Por isso mesmo acredito que o elemento fundamental das realizações e das concepções de Nise da Silveira era o afeto, o afeto pelo outro. Foi por não suportar o sofrimento imposto aos pacientes pelos choques que ela buscou e inventou um outro caminho, no qual, em vez de ser vítima da truculência médica, o doente se tornou sujeito criador, personalidade livre capaz de criar um universo mágico em que os problemas insolúveis arrefeciam.
No final dos anos 50, eu era chefe do copidesque do "Jornal do Brasil", quando certa noite recebi um telefonema da dra. Nise. Ela pedia apoio para uma iniciativa sua que estava sendo hostilizada por outros médicos do Centro Psiquiátrico do Engenho de Dentro. É que, tendo observado a melhora no comportamento de um internado ao conquistar o afeto de um cão que aparecera no hospital, ela decidira levar outros cães para possibilitar esse relacionamento afetivo com outros internados.
De fato, eles passaram a cuidar dos animais, a brincar com eles, tornando-se mais alegres e afáveis. Alguns médicos, porém, consideraram aquilo uma ofensa à psiquiatria e à sua condição de doutores, uma vez que substituía os métodos científicos de tratamento pelo convívio com cachorros. Alguns dos cães apareceram mortos, envenenados. A publicação da notícia serviu para que parassem de matar os animais.
O trabalho dela sempre gerou polêmicas.

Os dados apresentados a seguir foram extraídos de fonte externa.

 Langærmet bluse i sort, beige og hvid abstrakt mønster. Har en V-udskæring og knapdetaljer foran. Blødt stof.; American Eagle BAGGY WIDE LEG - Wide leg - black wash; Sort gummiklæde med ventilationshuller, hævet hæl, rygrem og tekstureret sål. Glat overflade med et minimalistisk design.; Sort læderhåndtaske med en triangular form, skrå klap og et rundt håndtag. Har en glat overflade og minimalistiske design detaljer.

A revelação, nos ateliês de terapia ocupacional, de alguns artistas de extraordinário talento, logo exaltados por Mário Pedrosa, nunca foi um assunto pacífico. Muitos críticos e artistas de renome negavam-se a admitir que doentes mentais fossem capazes de fazer arte. Na opinião deles, as pinturas e desenhos de Emygdio de Barros, Rafael ou Fernando Diniz não passavam de criações mórbidas, sem qualquer mérito artístico.

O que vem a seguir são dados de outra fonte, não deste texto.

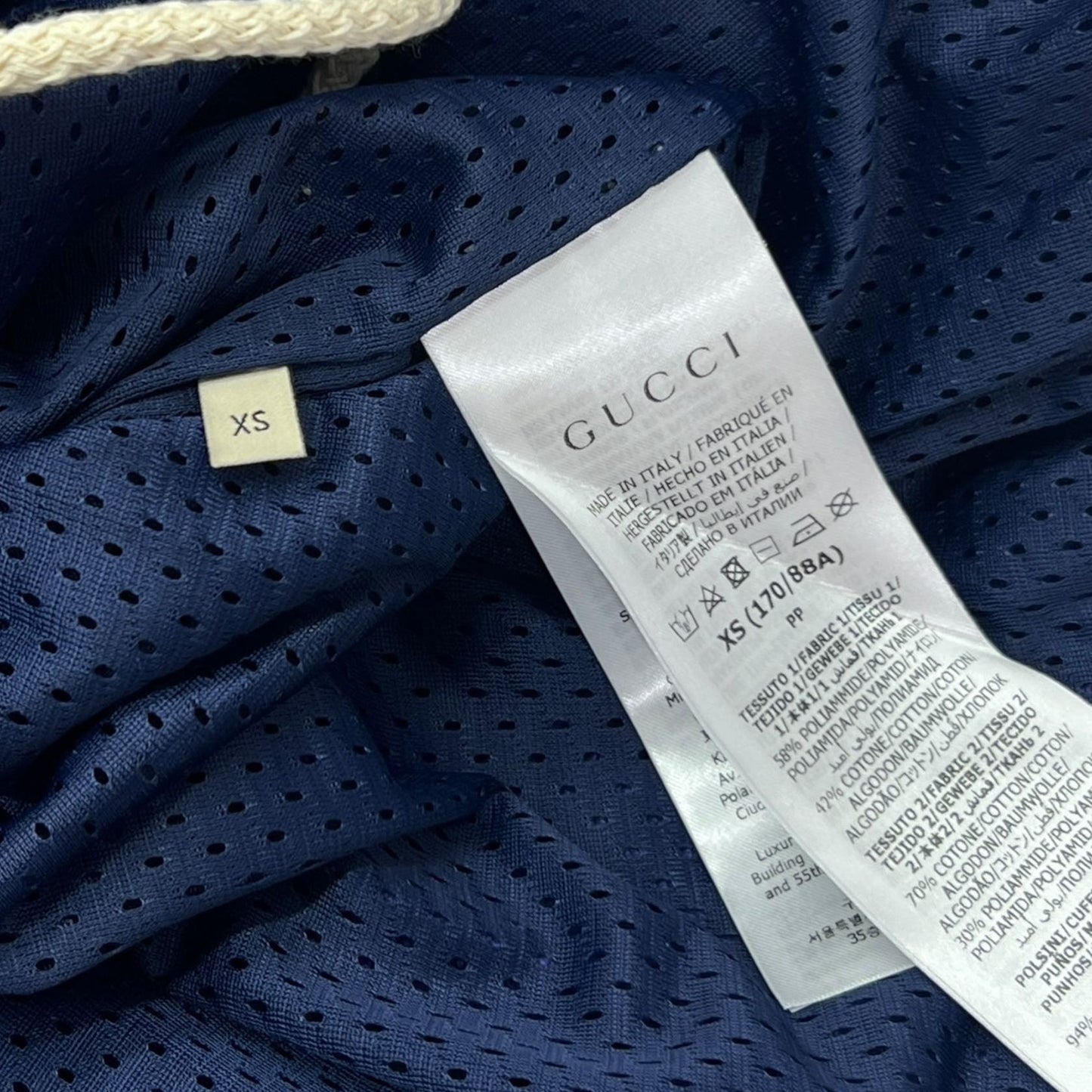 GUCCI GIACCA IN NYLON E COTONE CON PATCH TG XS (VESTE L)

De fato, mero preconceito fundado em razões ora ideológicas ora esteticistas, que os impedia de enxergar a beleza e a expressividade daquelas obras. Tal preconceito foi, até certo ponto, atenuado com o tempo, mas é verdade também que, mesmo hoje, quando se fala de arte brasileira, esses artistas não contam e, se contam, é como um caso à parte.

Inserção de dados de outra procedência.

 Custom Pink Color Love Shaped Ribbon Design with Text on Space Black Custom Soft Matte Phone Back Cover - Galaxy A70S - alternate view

Deve-se dizer, a bem da verdade, que não era propósito da dra. Nise, ao realizar aquele trabalho terapêutico, produzir artistas. Na sua concepção, a linguagem não-verbal das artes plásticas possibilitava aos doentes mentais expressar vivências conflituais complexas e, graças a isso, reorganizar seu mundo subjetivo, fornecendo ao mesmo tempo ao estudioso da esquizofrenia elementos reveladores daquilo que Antonin Artaud definira como "os inumeráveis estados do ser".
Comemora-se neste ano o centenário de nascimento dessa mulher, que soube ser, durante toda a vida, brava, doce e generosa.